The 2020 Video_to_text task evaluation was run on five main metrics:

1- BLEU metric:
mteval-v14/mteval-v14.pl -r tv20.ref.5.bleu.xml -s tv20.src.5.bleu.xml -t runSubmissionFile.xml -d 3 --metricsMATR

Where: 
mteval : is the NIST MT evaluation tool: ftp://jaguar.ncsl.nist.gov/mt/resources/mteval-v14.pl 

tv20.ref.5.bleu.xml : is the reference (GT) textual description in xml format compatible with the mteval tool using 5 references per video.

tv20.src.5.bleu.xml : is the source language to be translated. In the VTT task case there is no source language. And thus the contents is
the same as the tv20.ref.5.bleu.xml. However mteval tool uses this file just to extract the number of source sentences (videos) to be translated.

runSubmissionFile : is the run submission file in xml format compatible with the mteval tool.

-d 3 : determines the output files (document/video level, system level, detail scores level). using -d 3 will produce 3 files -doc.scr, -sys.scr and scores file.

Also, the tool produces results for a specific NIST metric which is not bounded and as a result is not very popular.
It is a supported metric that addresses some shortcomings in the BLEU metric. However, we didn't
report any of the NIST metrics as official results at this point.

2- METEOR metric:
java -Xmx2G -jar meteor-*.jar runSubmissionFile.txt tv20.ref.5.meteor -l en -norm -r 5 -t adq

Where:

runSubmissionFile : is the run submission file in a meteor tool compatible format.

tv20.ref.5.meteor : is the reference (GT) in txt format compatible with the meteor tool using 5 references (G.T).
The parameter -r decides how many references are being used, which is 5 for the 2020 VTT task.

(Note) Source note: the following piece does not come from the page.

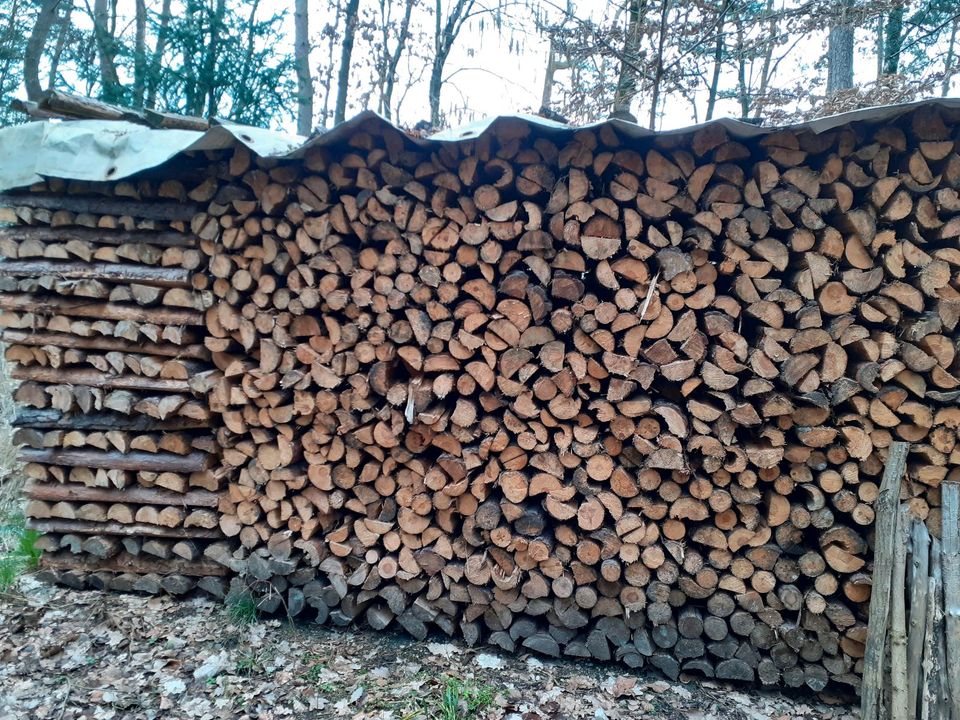 Kiefer und Fichten Brennholz in Allersberg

The tool can be downloaded from http://www.cs.cmu.edu/~alavie/METEOR/


3- STS experimental metric (Semantic Similarity):

To score a similarity between 2 textual descriptions, please use this API call.
wget "http://swoogle.umbc.edu/StsService/GetStsSim?operation=api&phrase1=$s1&phrase2=$s2" --wait=5 --user-agent='NIST - TRECVID' -q -O - 2>&1`

where:
$s1 : a run submitted textual description sentence for a single video.
$s2 : the GT textual description sentence.


4- CIDEr metric: 

  - Please download the CIDEr code available at https://github.com/vrama91/cider.
  - The file cidereval.py evaluates the submission with reference to the provided groundtruth. 
  - The code uses the params.json file to determine the input and output files.
    Edit the params.json file to make "refName" as "vtt.gt.cider.json" and "candName" as your JSON submission filename. 
    Please ensure that "idf" is set to "corpus".

    For further information on how to run the sample code, please refer to README.md.

5 - SPICE metric:

The SPICE code can be downloaded at: https://panderson.me/spice/
The code can be run as follows:
java -Xmx8G -jar spice-1.0.jar runSubmissionFile.json -out outputFile.json -cache cache_dir

Where:
The runSubmissionFile.json is the run submission file in the SPICE tool compatible format. Each submission file includes the ground truth against which the captions are being evaluated.
The cache_dir is initially an empty directory, where the reference caption parsing is stored for faster evaluation if multiple runs are being evaluated. The cache parameter is optional.